Is the $(3,4,5)$ triangle the only rectangular triangle with this property?

Question

While solving a loosely related exercise, by luck I found out that the $(3,4,5)$ triangle has the following property:

The product of the lengths ($\sqrt{2}$ and $\sqrt{5}$) of the two shorter line segments from a corner to the center of the inscribed circle equals the length ($\sqrt{10}$) of the longest one.

Somewhat satisfied with this, for me own new found, result I now wonder if any other rectangular $(a,b,c)$ triangles have this particular property. $(a,b,c)$ does not need to be a Pythagorean triple (but it would be extra nice).

It tried some straightforward algebraic equations but failed to find answer ... Maybe finding non rectangular such triangles is easier, but ideally I ask for rectangular ones.

update

Can this property of certain pythagorean triples in relation to their inner circle be generalized for other values of $n$?

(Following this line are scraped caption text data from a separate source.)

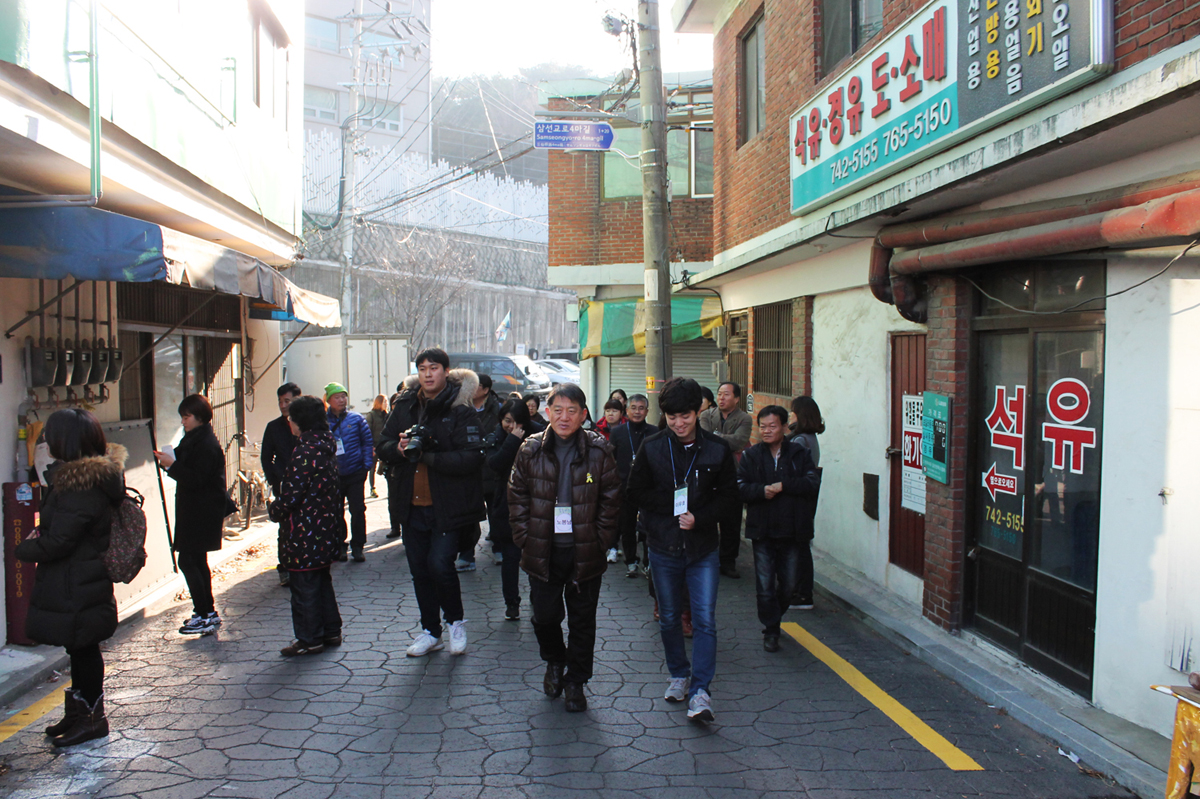 지난해 12월 13일, 꿈틀버스단이 서울시 성북구 삼선동 장수마을을 찾았다. 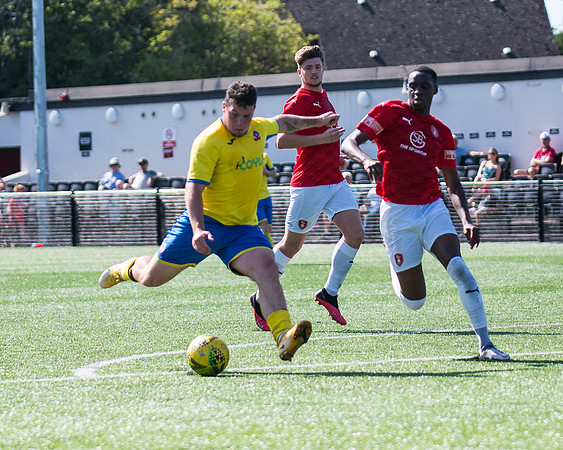 Bracknell Town 4 Rams 2  (175 of 250)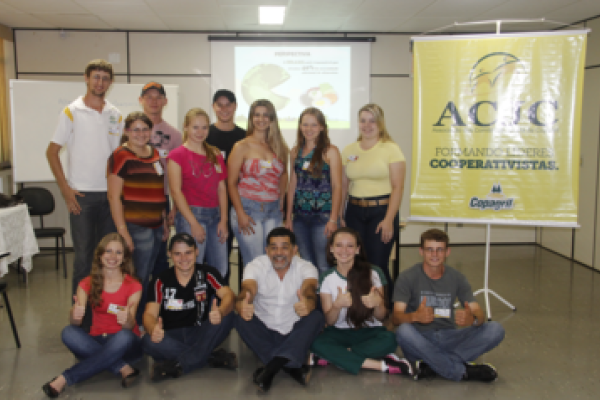 Workshop aprimoramento pessoal &ndash; semeando o futuro &eacute; realizado aos jovens cooperativistas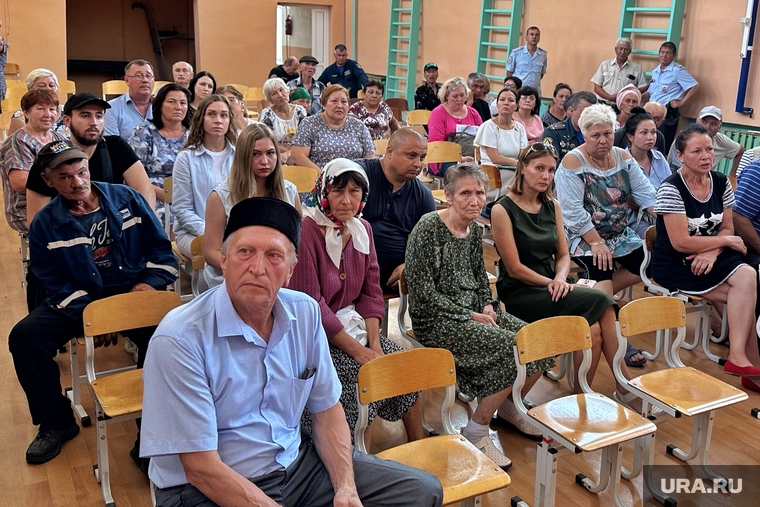 Жители курганского села собрались на встречу с главой МЧС Куренковым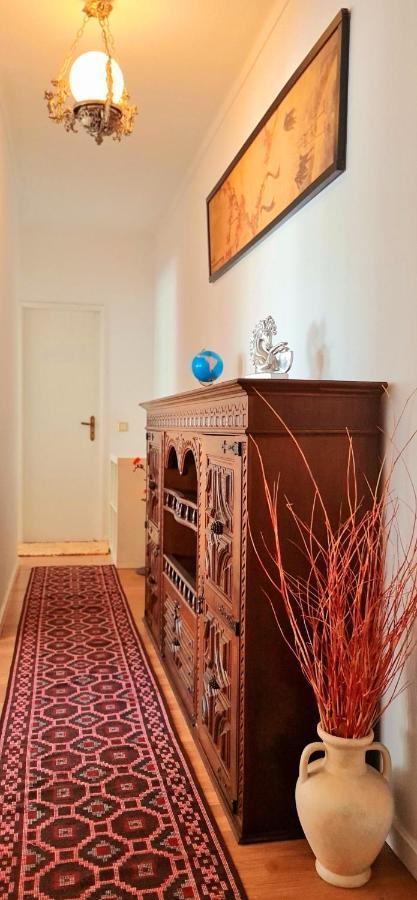 Station House Apartment Braga Bagian luar foto
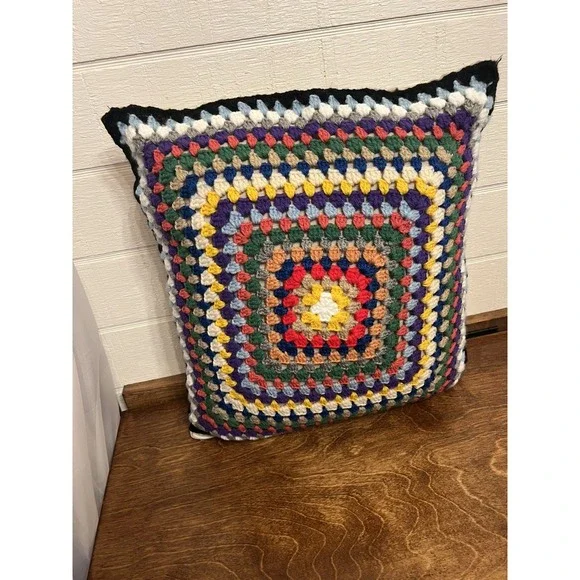 Afghan Granny Square Pillow Square Knit 17x17 Handmade - detailed and gorgeous!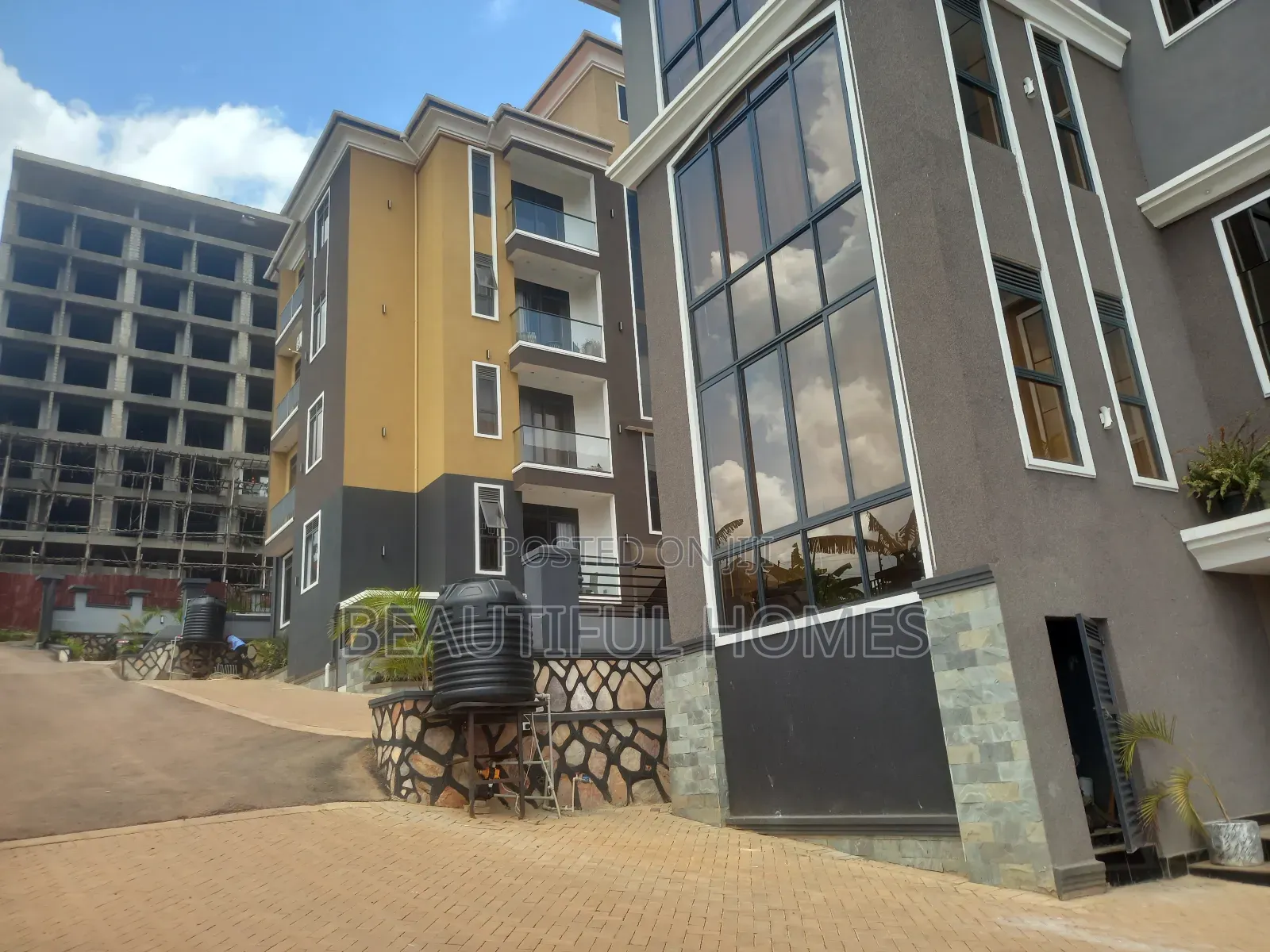 Furnished 2bdrm Block of Flats in Kisaasi, Central Division for sale in Central Division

is already linked to this one but I take the freedom to explicitly mention it here in post for following reasons

• the question asked there is about generalizing answer given here
• the answers to both questions always left some exercises for reader
• myself I am not able (I continue to try) to do these exercises

Maybe someone can fully write out the missing gaps.

Answer 1

In a Pythagorean right triangle $\triangle ABC$, we know that $a^2 + b^2 = c^2$ where $a, b, c$ are positive integers. We also know that $|\triangle ABC| = rs$, where $r$ is the inradius and $s = (a+b+c)/2$ is the semiperimeter. Thus we have $$\begin{align} r &= \frac{ab}{a+b+c} \\ &= \frac{ab}{a+b+\sqrt{a^2+b^2}} \\ &= \frac{ab(a+b-\sqrt{a^2+b^2})}{(a+b+\sqrt{a^2+b^2})(a+b-\sqrt{a^2+b^2})} \\ &= \frac{ab(a+b-\sqrt{a^2+b^2})}{2ab} \\ &= \frac{1}{2}(a+b-c) \\ &= s-c. \end{align}$$ Denoting $I$ as the incenter, the respective distances from the incenter to the vertices are $$IA = \sqrt{r^2 + (s-a)^2}, \\ IB = \sqrt{r^2 + (s-b)^2}, \\ IC = \sqrt{r^2 + (s-c)^2} = r \sqrt{2}.$$ Then assuming $a < b < c$, we require $IB \cdot IC = IA$, or $$\begin{align} 0 = IB^2 \cdot IC^2 - IA^2 = \left(r^2 + (s-b)^2\right)(2r^2) - \left(r^2 + (s-a)^2\right). \end{align}$$ I leave it as an exercise to show that this condition is nontrivially satisfied if and only if $b = (a^2-1)/2$, hence $a$ must be an odd positive integer for $b$ to be an integer. Then $c$ will automatically be an integer since $$c^2 = a^2 + b^2 = \left(\frac{a^2+1}{2}\right)^2.$$ Therefore, the solution set is parametrized by the triple $$(a,b,c) = \bigl(2r+1, 2r(r+1), 2r(r+1)+1\bigr), \quad r \in \mathbb Z^+,$$ where $r$ is the inradius of such a triangle. In particular, this leads to the triples $$(3,4,5), \\ (5,12,13), \\ (7,24,25), \\ (9,40,41), \\ \ldots.$$

Answer 2

In support of the answer by @heropup , all triples where $\space B =\dfrac{A^2-1}{2}\space$ and $\space C-B=1\space$ can be generated by

\begin{align} A &=&&2k+1\\ B &= 2 k^2 + &&2 k\\ C &= 2 k^2 + &&2 k + 1 \end{align}

A similar set of all-primitive where $\space C-A=2\space$ can be generated by $\space A=4n^2-1\qquad B=4n\qquad C=4n^2+1\qquad$ et seq $(3,4,5)\quad (15,8,17)\quad (35,12,37) \quad (63,16,65)\quad (99,20,101)\space\cdots$

It would be interesting to see if the latter triples have properties similar to the former.

Answer 3

Here is an abstract way to construct a bunch of rectangular triangles satisfying the property. They don't need to have integer side lengths, though.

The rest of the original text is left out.